Exercise goal: Exactness is required throughout. Return every record once more.

(Items from a dataset)
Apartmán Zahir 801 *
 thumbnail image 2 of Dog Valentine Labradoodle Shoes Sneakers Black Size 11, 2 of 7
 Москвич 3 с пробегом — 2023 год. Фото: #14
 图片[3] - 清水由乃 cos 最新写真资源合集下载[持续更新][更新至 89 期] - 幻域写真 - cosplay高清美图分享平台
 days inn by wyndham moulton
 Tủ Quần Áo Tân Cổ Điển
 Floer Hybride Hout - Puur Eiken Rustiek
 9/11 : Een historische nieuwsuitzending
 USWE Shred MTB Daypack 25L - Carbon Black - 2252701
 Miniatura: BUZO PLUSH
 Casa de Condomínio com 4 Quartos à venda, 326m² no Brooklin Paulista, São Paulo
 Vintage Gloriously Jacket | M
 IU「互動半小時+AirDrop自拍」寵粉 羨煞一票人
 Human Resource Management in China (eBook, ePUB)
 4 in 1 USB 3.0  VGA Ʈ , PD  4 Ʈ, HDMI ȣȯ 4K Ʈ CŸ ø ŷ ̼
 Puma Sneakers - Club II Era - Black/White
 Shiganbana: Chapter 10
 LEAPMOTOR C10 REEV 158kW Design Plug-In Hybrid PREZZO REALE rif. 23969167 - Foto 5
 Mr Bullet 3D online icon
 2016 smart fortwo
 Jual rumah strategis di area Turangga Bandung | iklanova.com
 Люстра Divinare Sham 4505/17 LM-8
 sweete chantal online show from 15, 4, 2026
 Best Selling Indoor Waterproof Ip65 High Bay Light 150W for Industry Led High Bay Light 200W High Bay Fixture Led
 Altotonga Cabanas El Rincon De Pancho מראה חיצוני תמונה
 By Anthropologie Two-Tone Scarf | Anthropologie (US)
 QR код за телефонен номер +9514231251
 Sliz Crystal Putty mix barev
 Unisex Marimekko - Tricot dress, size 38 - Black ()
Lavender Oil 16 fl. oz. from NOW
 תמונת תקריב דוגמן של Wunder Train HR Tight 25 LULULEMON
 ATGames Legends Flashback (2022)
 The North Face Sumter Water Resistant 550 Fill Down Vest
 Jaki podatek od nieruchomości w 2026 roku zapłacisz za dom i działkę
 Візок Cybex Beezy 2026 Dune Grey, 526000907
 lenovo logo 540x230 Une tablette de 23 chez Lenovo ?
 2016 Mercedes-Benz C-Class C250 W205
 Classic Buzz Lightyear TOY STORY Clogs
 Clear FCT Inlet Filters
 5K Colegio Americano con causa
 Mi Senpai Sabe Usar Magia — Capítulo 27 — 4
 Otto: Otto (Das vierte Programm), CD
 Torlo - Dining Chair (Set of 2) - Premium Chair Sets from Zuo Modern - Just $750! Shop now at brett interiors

Output below:
Apartmán Zahir 801 *
 thumbnail image 2 of Dog Valentine Labradoodle Shoes Sneakers Black Size 11, 2 of 7
 Москвич 3 с пробегом — 2023 год. Фото: #14
 图片[3] - 清水由乃 cos 最新写真资源合集下载[持续更新][更新至 89 期] - 幻域写真 - cosplay高清美图分享平台
 days inn by wyndham moulton
 Tủ Quần Áo Tân Cổ Điển
 Floer Hybride Hout - Puur Eiken Rustiek
 9/11 : Een historische nieuwsuitzending
 USWE Shred MTB Daypack 25L - Carbon Black - 2252701
 Miniatura: BUZO PLUSH
 Casa de Condomínio com 4 Quartos à venda, 326m² no Brooklin Paulista, São Paulo
 Vintage Gloriously Jacket | M
 IU「互動半小時+AirDrop自拍」寵粉 羨煞一票人
 Human Resource Management in China (eBook, ePUB)
 4 in 1 USB 3.0  VGA Ʈ , PD  4 Ʈ, HDMI ȣȯ 4K Ʈ CŸ ø ŷ ̼
 Puma Sneakers - Club II Era - Black/White
 Shiganbana: Chapter 10
 LEAPMOTOR C10 REEV 158kW Design Plug-In Hybrid PREZZO REALE rif. 23969167 - Foto 5
 Mr Bullet 3D online icon
 2016 smart fortwo
 Jual rumah strategis di area Turangga Bandung | iklanova.com
 Люстра Divinare Sham 4505/17 LM-8
 sweete chantal online show from 15, 4, 2026
 Best Selling Indoor Waterproof Ip65 High Bay Light 150W for Industry Led High Bay Light 200W High Bay Fixture Led
 Altotonga Cabanas El Rincon De Pancho מראה חיצוני תמונה
 By Anthropologie Two-Tone Scarf | Anthropologie (US)
 QR код за телефонен номер +9514231251
 Sliz Crystal Putty mix barev
 Unisex Marimekko - Tricot dress, size 38 - Black ()
Lavender Oil 16 fl. oz. from NOW
 תמונת תקריב דוגמן של Wunder Train HR Tight 25 LULULEMON
 ATGames Legends Flashback (2022)
 The North Face Sumter Water Resistant 550 Fill Down Vest
 Jaki podatek od nieruchomości w 2026 roku zapłacisz za dom i działkę
 Візок Cybex Beezy 2026 Dune Grey, 526000907
 lenovo logo 540x230 Une tablette de 23 chez Lenovo ?
 2016 Mercedes-Benz C-Class C250 W205
 Classic Buzz Lightyear TOY STORY Clogs
 Clear FCT Inlet Filters
 5K Colegio Americano con causa
 Mi Senpai Sabe Usar Magia — Capítulo 27 — 4
 Otto: Otto (Das vierte Programm), CD
 Torlo - Dining Chair (Set of 2) - Premium Chair Sets from Zuo Modern - Just $750! Shop now at brett interiors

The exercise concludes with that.